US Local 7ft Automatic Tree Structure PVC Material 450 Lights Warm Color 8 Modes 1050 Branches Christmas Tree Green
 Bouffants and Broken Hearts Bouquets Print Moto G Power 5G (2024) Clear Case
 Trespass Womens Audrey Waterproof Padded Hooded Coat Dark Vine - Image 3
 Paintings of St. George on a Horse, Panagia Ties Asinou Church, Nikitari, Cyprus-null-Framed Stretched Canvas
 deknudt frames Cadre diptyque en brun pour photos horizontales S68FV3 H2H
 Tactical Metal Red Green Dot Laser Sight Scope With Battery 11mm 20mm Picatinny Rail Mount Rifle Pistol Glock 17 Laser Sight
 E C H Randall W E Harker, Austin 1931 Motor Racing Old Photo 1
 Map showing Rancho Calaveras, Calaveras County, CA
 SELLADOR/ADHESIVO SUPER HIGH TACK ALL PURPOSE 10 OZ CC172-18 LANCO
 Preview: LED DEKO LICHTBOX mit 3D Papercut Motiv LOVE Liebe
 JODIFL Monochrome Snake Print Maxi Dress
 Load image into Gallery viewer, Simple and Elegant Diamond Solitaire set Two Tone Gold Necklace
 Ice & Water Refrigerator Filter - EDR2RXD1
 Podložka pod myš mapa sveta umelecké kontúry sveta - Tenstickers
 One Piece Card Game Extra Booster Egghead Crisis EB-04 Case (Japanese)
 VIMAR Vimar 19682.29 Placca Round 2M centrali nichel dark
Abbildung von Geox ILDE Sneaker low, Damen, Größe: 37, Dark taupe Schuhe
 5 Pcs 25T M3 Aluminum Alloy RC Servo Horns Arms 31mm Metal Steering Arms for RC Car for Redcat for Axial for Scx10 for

__________________________________________________

EXERCISE OBJECTIVE: In the records above, find each line that holds the word "Print"; copy all such lines.

ANSWER TO THE PROBLEM:
 Bouffants and Broken Hearts Bouquets Print Moto G Power 5G (2024) Clear Case
 JODIFL Monochrome Snake Print Maxi Dress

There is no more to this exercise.